Farang life made comical
Celebrated expat cartoonist Stephff has released a new tome concerning strangers in a strange land
They say a picture is worth a thousand words and the same goes for Stephane Peray's cartoons in his entertaining book Farang Affairs, illustrating in a humorous manner situations that can face a foreigner in Thailand, whether they be new arrivals or old hands.
Farang Affairs Stephane Peray 158pp 1,100 baht Illustration: Stephane Peray
Many will be familiar with Peray's work which has been appearing in the Bangkok media for the past two decades, mainly The Nation but occasionally the Bangkok Post. His regular cartoon column "Ministry Of Farang Affairs", laced with satire, proved very popular with amusing depictions of farang trying to adapt to the complex culture and life in Thailand.
Stephane "Stephff" Peray is a Frenchman born in Paris, who settled in Thailand in 1989 a few years after his first visit as a sailor with the French navy.
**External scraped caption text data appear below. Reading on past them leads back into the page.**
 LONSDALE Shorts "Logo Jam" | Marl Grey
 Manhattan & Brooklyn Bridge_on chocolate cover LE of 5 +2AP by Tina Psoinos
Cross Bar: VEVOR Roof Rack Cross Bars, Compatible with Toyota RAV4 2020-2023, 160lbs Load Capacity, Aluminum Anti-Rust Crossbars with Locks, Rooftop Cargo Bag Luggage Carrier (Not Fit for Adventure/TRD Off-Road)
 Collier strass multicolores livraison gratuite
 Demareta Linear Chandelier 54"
Initially a photographer, he moved into cartoons, and outside of Thailand his work has appeared in The International Herald Tribune, The Far Eastern Economic Review and the Phnom Penh Post.
The book, which is attractively presented and easy to read, has 10 chapters, each highlighting a different aspect of what farang can expect while living in Thailand.
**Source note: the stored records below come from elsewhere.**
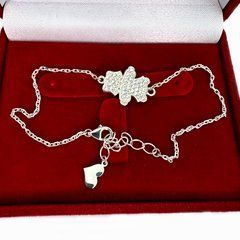 Серебряный браслет для мамы "девочка" (Бр1055)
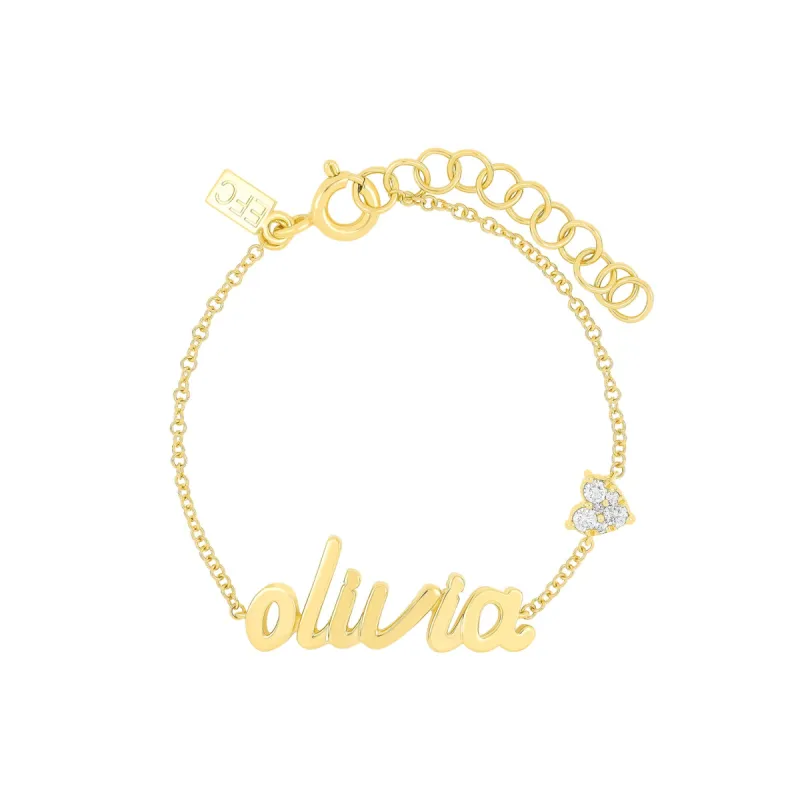 You Have My Heart Script Name Bracelet made by EF Collection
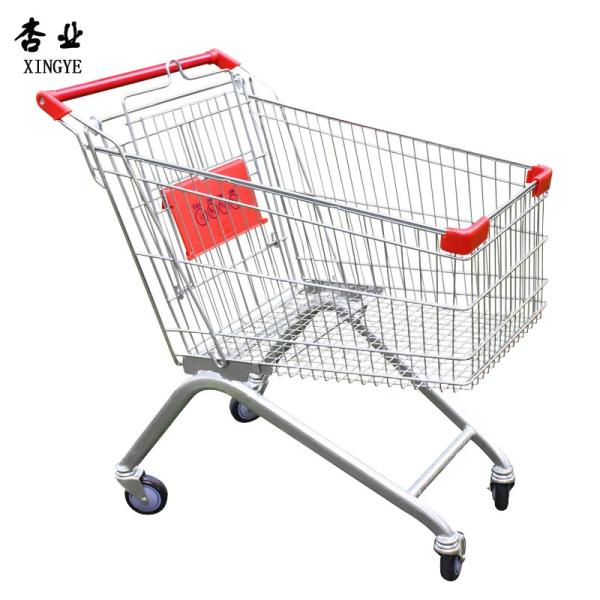 Wholesale Heavy Duty Metal Shopping Trolley Cart Collapsible Shopping Cart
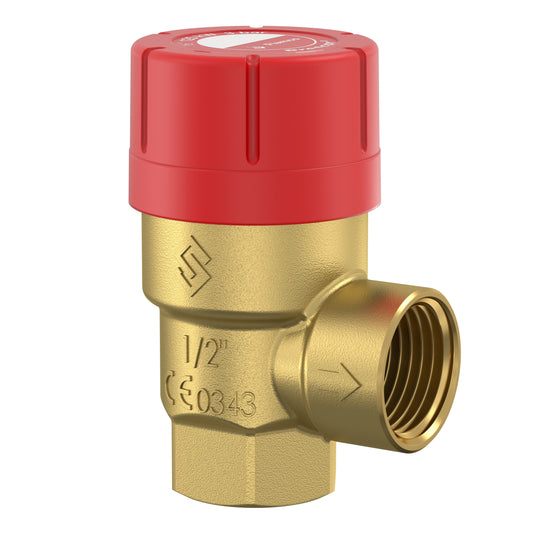 FLAMCO PRESCOR 1/2"X1/2" BIZTONSÁGI SZELEP 3 BAR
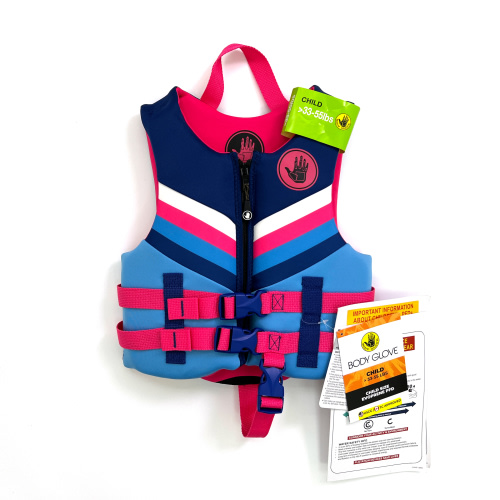 Body Glove Child Girl Evoprene PFD Life Jacket, 33-55 lbs., Pink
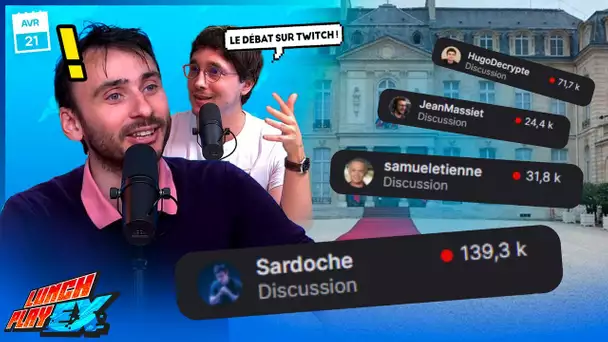 Twitch GRAND VAINQUEUR du DÉBAT ? | LE LUNCHPLAY EX #284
The opening chapter is entitled "You Are New In Thailand If...", followed by amusing cartoons depicting the possible experiences of new arrivals in the Kingdom with appropriately wry commentary. What makes the cartoons so effective is that most of us have probably experienced similar situations.
The chapters then progress with a similar format on such themes as "You Are An Unhappy Farang In Thailand If…", "You Are A Delusional Farang If…" and "You Have Perfectly Adapted To Thailand If…", and so on.
Every cartoon tells a story, and there are a lot of observations full of irony. Expats will identify with the farang motorcyclist wearing a crash helmet being stopped by an alert policeman while four grinning Thai kids crammed on one motorbike breezily sail past, none wearing helmets. Then there is the overweight visitor falling in love and discovering that he has become a mobile ATM.
There are amusing cartoons on whistling security guards, the addiction of Thai bureaucracy to photocopies, strange licensing laws for selling alcohol, jet-ski rip-offs, ghosts and the buffaloes that conveniently die when money is short. Then there are the major crackdowns on things that aren't really that major.
And there are of course the temptations of the flesh and the inevitable encounters with ladies of the night, not forgetting the ladyboys, with sensible illustrated advice about why it is wise not to get into a fight in Thailand.
While the book is obviously aimed at expats, broad-minded Thais may also find it an intriguing insight as to why farang sometimes appear to behave so strangely.
Peray says his cartoons are about "making fun of farang life in Thailand" and that's what this book is, "fun", but also an effective cultural insight not to be taken too seriously. You may not agree with some of his observations, but life would be dull if everyone had the same viewpoint.
There is not an awful lot to laugh about these days, but Peray's work will definitely bring back the smiles.